[Exercise brief] Pictures do not belong in the copy; quote every entry below exactly.

[Input]
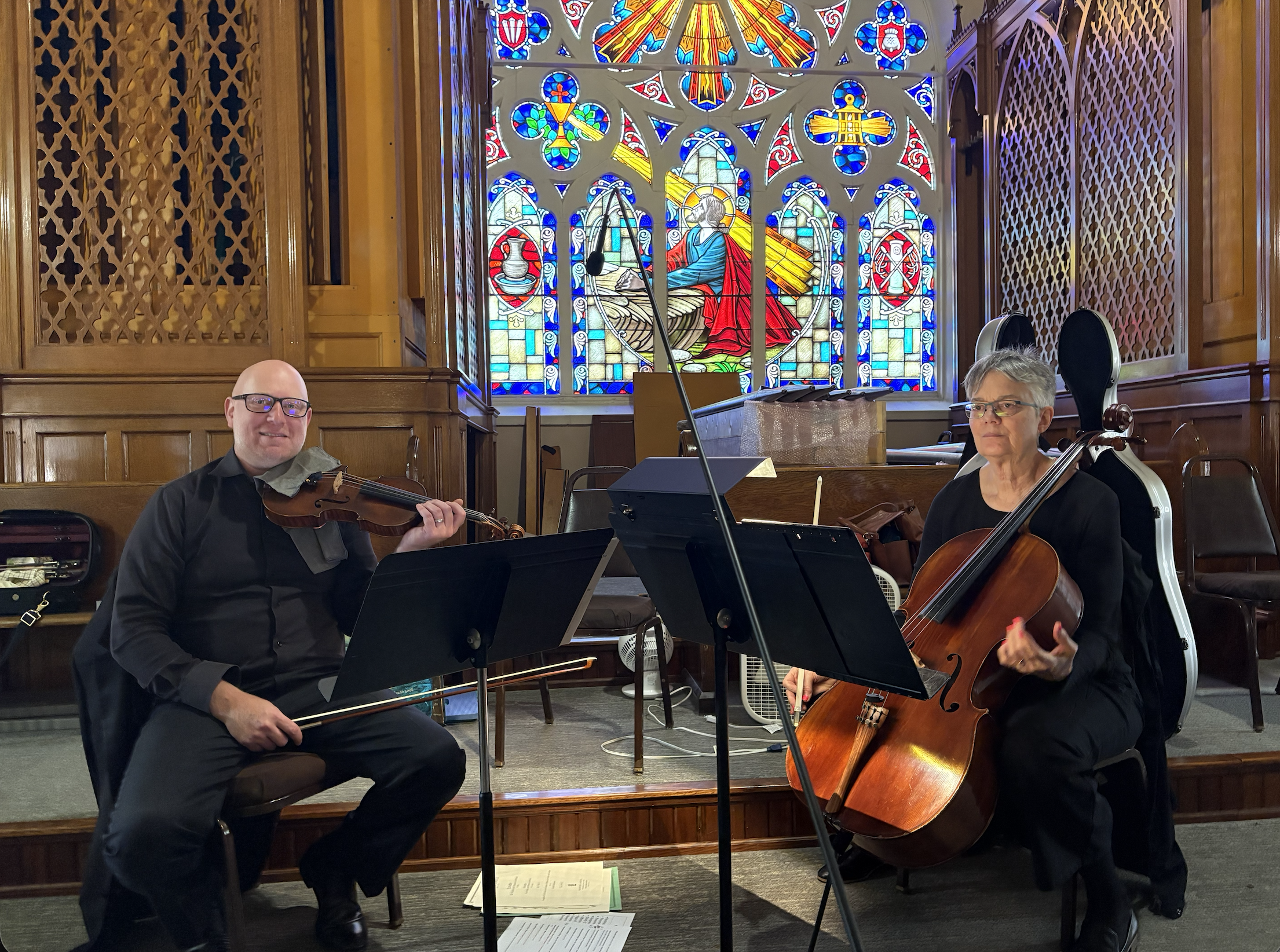 Two musicians are playing instruments in a church with stained glass windows. The man on the left is playing a violin, wearing glasses and a black shirt. The woman on the right is playing a cello, wearing glasses and a black top.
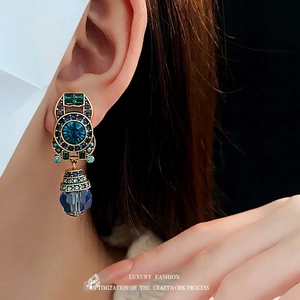 Vintage long drop earrings with blue crystal inlay and gold finish for women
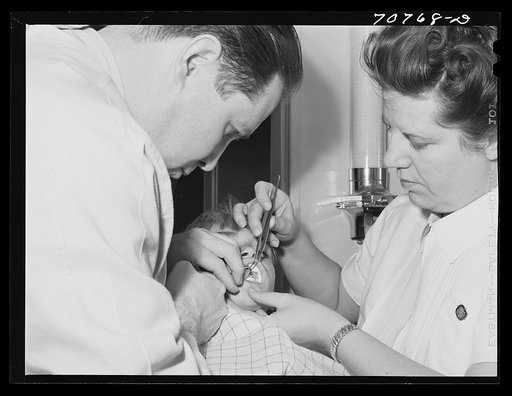 Untitled photo, possibly related to: FSA (Farm Security Administration) dentist and nurse and migrant child in the FSA dental trailer at the FSA camp for farm families. Caldwell, Idaho
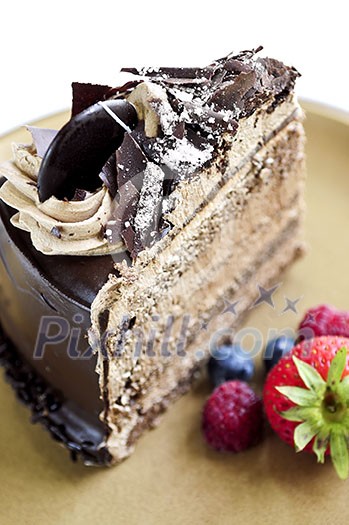 Slice of chocolate mousse cake served on a plate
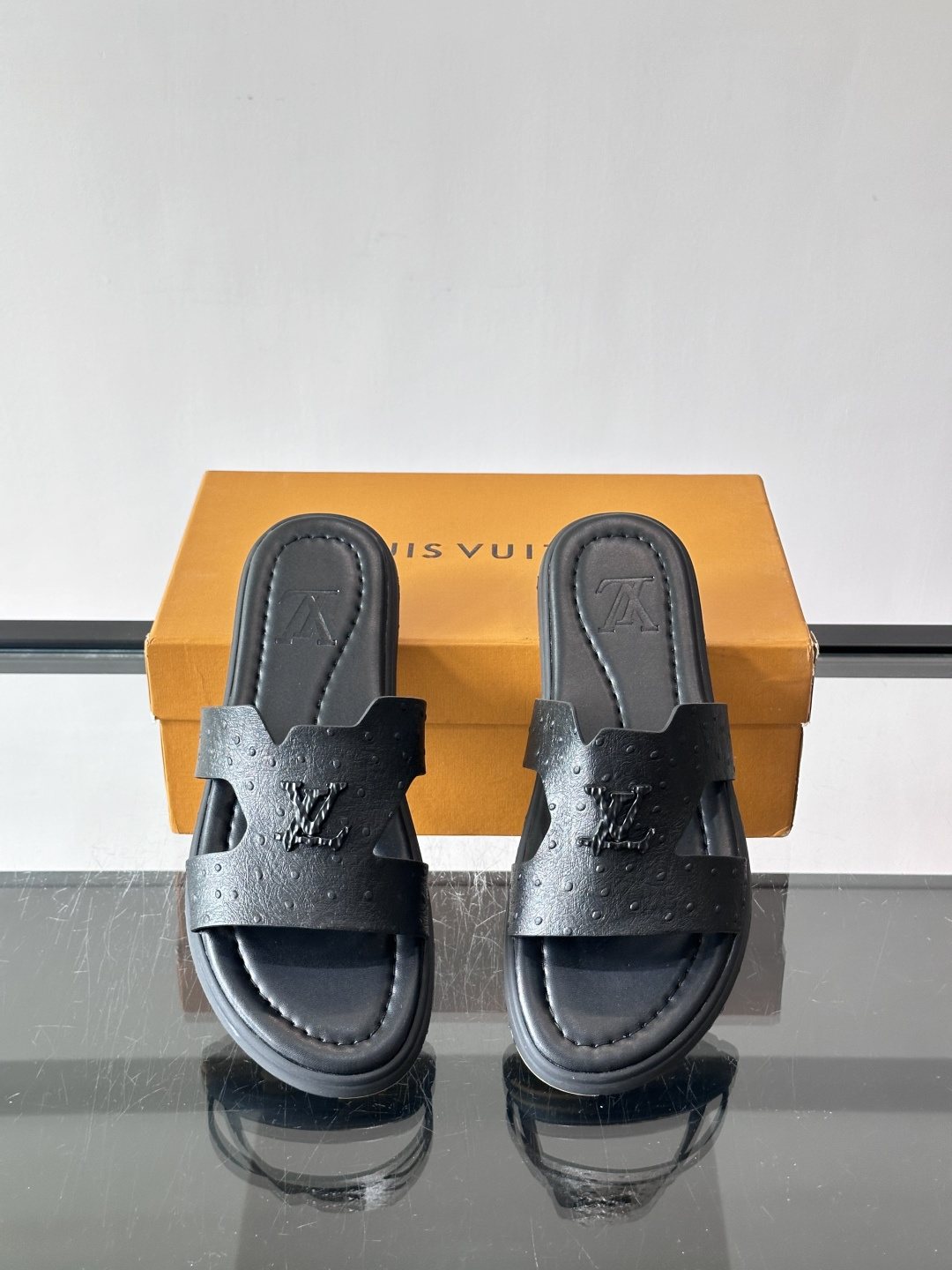 Louis Vuitton Black Embossed Slide Sandals — front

[Answer]
 Two musicians are playing instruments in a church with stained glass windows. The man on the left is playing a violin, wearing glasses and a black shirt. The woman on the right is playing a cello, wearing glasses and a black top.
 Vintage long drop earrings with blue crystal inlay and gold finish for women
 Untitled photo, possibly related to: FSA (Farm Security Administration) dentist and nurse and migrant child in the FSA dental trailer at the FSA camp for farm families. Caldwell, Idaho
 Slice of chocolate mousse cake served on a plate
 Louis Vuitton Black Embossed Slide Sandals — front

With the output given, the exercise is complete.